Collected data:
━━━━━━━━━━━━━━━━━━━━━━━━━━━━━━

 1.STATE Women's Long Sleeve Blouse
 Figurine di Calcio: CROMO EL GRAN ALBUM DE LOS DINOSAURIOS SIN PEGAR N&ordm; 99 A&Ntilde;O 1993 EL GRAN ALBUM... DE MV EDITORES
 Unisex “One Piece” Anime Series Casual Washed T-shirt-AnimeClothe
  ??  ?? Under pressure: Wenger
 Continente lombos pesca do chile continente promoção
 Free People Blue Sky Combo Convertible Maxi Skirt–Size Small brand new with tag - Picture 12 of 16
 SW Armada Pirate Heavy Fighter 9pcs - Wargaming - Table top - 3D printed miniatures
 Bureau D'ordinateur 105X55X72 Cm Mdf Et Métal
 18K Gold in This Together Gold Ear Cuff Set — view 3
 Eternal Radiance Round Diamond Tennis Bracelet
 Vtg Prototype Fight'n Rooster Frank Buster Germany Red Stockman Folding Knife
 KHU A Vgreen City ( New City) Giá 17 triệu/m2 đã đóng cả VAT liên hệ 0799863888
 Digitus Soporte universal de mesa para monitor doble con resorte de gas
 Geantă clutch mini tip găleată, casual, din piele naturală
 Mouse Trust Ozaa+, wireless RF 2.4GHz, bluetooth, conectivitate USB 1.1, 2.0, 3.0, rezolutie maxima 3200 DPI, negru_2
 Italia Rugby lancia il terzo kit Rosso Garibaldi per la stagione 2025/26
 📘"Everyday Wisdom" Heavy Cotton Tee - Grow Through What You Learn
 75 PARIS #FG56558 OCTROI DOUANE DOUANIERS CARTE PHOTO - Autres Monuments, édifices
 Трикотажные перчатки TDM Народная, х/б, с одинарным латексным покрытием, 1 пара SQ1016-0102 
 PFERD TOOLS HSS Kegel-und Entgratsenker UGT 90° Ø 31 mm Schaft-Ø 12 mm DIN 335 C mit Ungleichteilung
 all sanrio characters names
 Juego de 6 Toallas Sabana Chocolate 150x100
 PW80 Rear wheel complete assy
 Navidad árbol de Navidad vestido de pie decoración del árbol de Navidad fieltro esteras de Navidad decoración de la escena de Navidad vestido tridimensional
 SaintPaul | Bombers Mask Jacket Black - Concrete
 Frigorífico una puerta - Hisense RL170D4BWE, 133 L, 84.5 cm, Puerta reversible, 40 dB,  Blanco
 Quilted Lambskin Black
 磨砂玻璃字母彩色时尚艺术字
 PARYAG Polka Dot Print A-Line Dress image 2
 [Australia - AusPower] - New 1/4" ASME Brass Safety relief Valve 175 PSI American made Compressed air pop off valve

━━━━━━━━━━━━━━━━━━━━━━━━━━━━━━

TASK DETAILS: If the string "Black" is in a line of the entries, pick that line out.

SOLUTION TO THIS TASK:
 SaintPaul | Bombers Mask Jacket Black - Concrete
 Quilted Lambskin Black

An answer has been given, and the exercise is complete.